● **WHAT IS EXPECTED**:
Below are some records. Quote exactly the lines from the one that contains "Colorful VGA iGame" through the last, both included, and leave out the pictures.

※

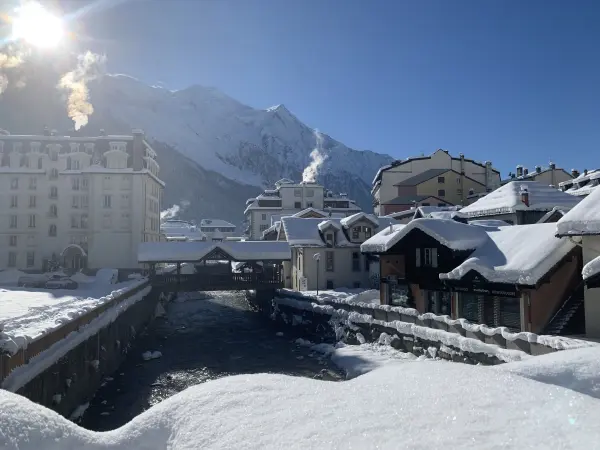CHX et massif du Mont-Blanc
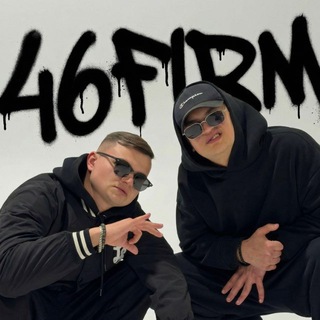 Telegram profile photo for 46FIRM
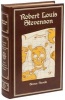  - Seven Novels (Leather / fine binding) - Robert Louis Stevenson Photo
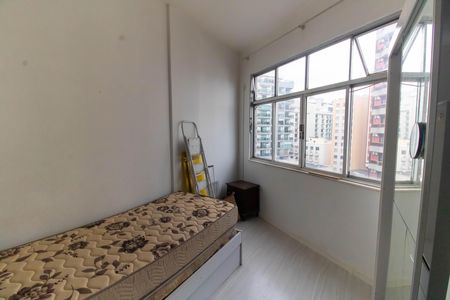 Quarto  de apartamento para alugar com 1 quarto, 25m² em Icaraí, Niterói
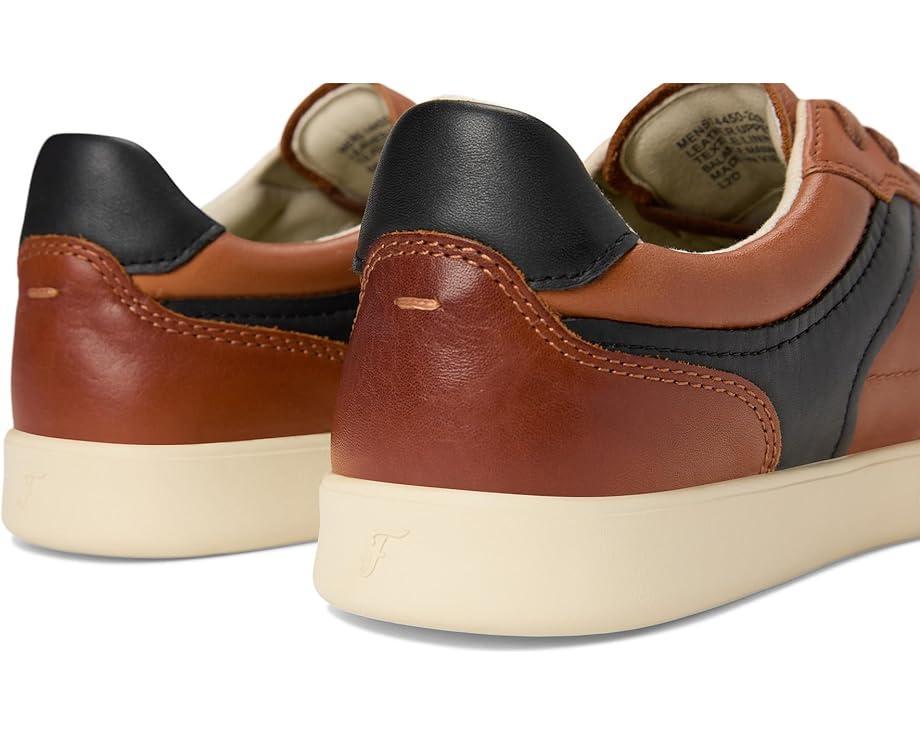 Satellite Perf Lace-Up Sneakers Product Image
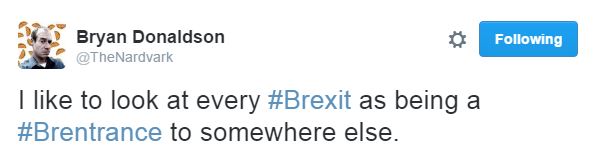 The Funniest Brexit Tweets Comedy Galleries Paste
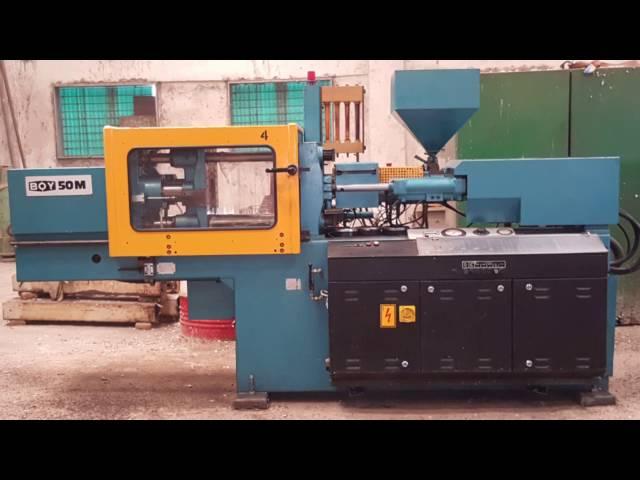 Used Plastic Injection Molding Machines in India Mumbai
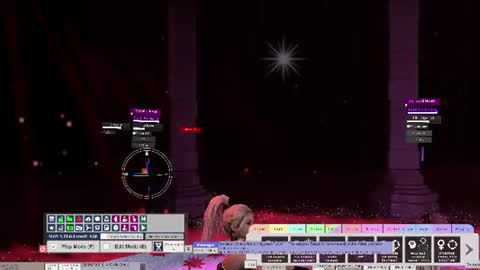 Snapshot of virtualvixenliveshow chatting on June 2026 12:04:01 PM Virtual Vixen Live Show online show from June 2026 12:04:01 PM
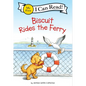 Biscuit Rides the Ferry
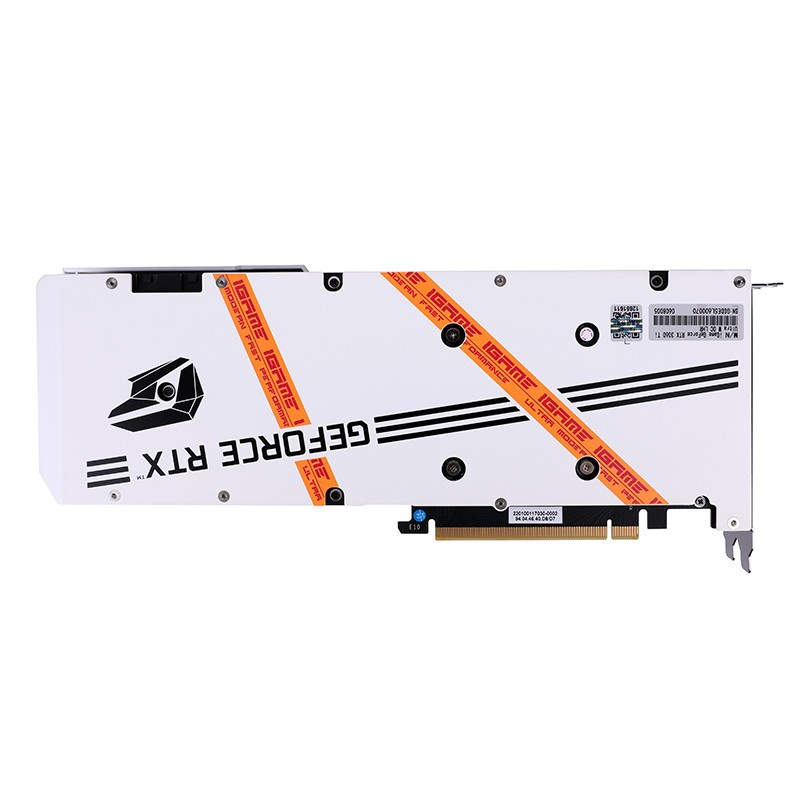 Colorful VGA iGame GeForce RTX 3060 Ti Ultra W OC LHR-V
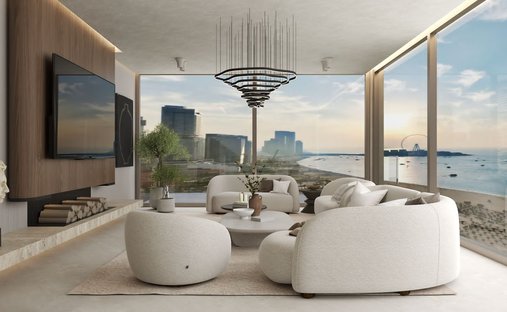 House in Dubai Marina / Marsa Dubai, Dubai, United Arab Emirates 1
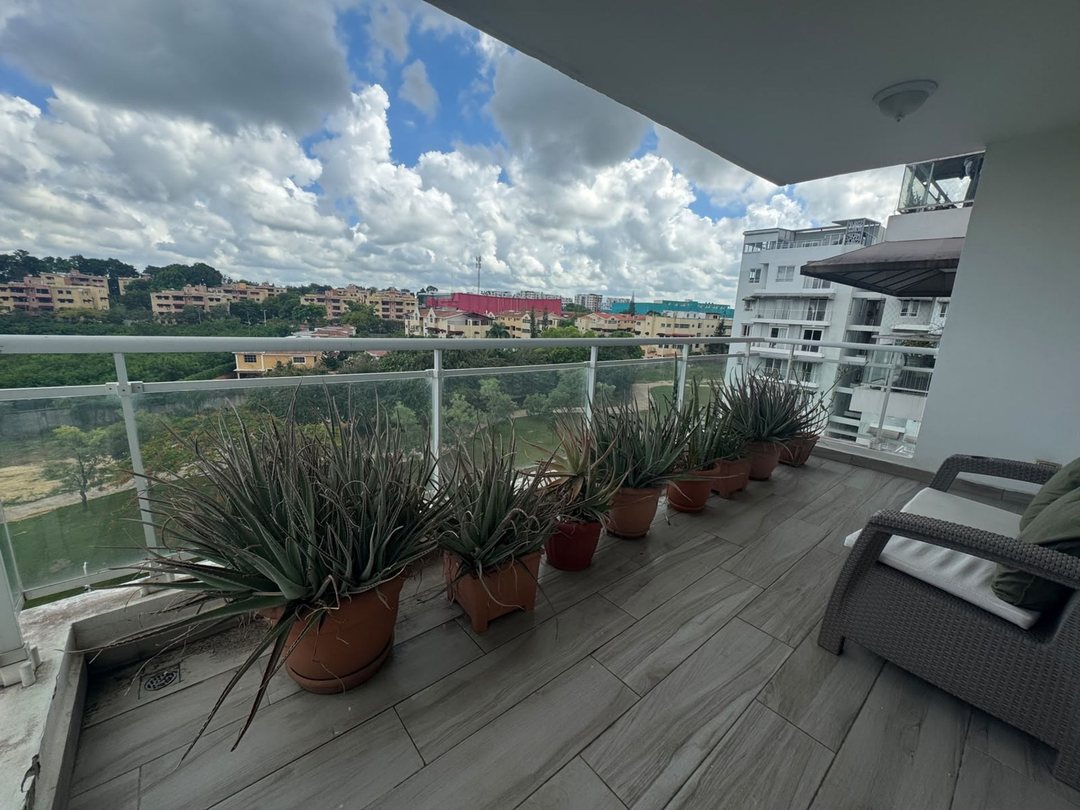 Apartamento en Ciudad Modelo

※

● **RESPONSE**:
 Colorful VGA iGame GeForce RTX 3060 Ti Ultra W OC LHR-V
 House in Dubai Marina / Marsa Dubai, Dubai, United Arab Emirates 1
 Apartamento en Ciudad Modelo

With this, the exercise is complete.